▶ [WORK ITEM]
Exact reproduction required: the lines below from the line with "PSA: Don&rsquo;t throw" to the line with "Zoe Bäckstedt dominates", both ends included, and no others.
──────── DATASET RECORDS ────────
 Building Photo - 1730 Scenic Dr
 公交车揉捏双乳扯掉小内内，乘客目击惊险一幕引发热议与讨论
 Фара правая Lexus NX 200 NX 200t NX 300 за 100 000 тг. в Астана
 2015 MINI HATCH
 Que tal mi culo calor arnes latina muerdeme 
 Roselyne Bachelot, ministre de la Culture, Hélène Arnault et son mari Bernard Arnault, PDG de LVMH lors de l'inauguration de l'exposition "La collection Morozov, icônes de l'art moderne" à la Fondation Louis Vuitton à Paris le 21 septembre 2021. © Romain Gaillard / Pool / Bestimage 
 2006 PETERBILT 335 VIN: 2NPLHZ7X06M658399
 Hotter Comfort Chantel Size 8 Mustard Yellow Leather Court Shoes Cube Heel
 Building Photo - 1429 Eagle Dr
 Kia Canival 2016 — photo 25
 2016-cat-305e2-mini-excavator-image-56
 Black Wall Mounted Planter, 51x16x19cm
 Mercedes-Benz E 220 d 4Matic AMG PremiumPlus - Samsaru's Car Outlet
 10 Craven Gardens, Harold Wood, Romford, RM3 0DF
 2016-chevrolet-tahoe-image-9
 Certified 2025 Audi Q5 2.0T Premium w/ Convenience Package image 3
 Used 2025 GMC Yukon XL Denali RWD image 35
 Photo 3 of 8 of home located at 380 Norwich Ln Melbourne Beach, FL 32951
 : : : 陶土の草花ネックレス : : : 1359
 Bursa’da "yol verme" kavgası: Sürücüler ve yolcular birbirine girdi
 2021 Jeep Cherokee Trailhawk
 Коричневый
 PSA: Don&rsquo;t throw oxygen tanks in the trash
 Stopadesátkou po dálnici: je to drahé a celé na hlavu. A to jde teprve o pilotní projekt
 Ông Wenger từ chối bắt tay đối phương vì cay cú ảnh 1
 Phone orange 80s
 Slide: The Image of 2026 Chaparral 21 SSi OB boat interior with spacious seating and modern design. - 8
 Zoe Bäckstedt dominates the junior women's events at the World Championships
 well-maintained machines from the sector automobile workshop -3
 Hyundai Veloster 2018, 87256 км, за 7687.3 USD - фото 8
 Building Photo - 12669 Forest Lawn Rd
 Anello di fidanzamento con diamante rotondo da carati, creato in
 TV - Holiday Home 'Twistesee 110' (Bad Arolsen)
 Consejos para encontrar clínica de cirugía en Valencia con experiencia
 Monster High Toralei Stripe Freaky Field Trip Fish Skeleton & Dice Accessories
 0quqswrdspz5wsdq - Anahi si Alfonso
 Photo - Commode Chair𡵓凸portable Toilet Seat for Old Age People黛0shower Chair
────────
▶ [REPLY TO THE EXERCISE]
 PSA: Don&rsquo;t throw oxygen tanks in the trash
 Stopadesátkou po dálnici: je to drahé a celé na hlavu. A to jde teprve o pilotní projekt
 Ông Wenger từ chối bắt tay đối phương vì cay cú ảnh 1
 Phone orange 80s
 Slide: The Image of 2026 Chaparral 21 SSi OB boat interior with spacious seating and modern design. - 8
 Zoe Bäckstedt dominates the junior women's events at the World Championships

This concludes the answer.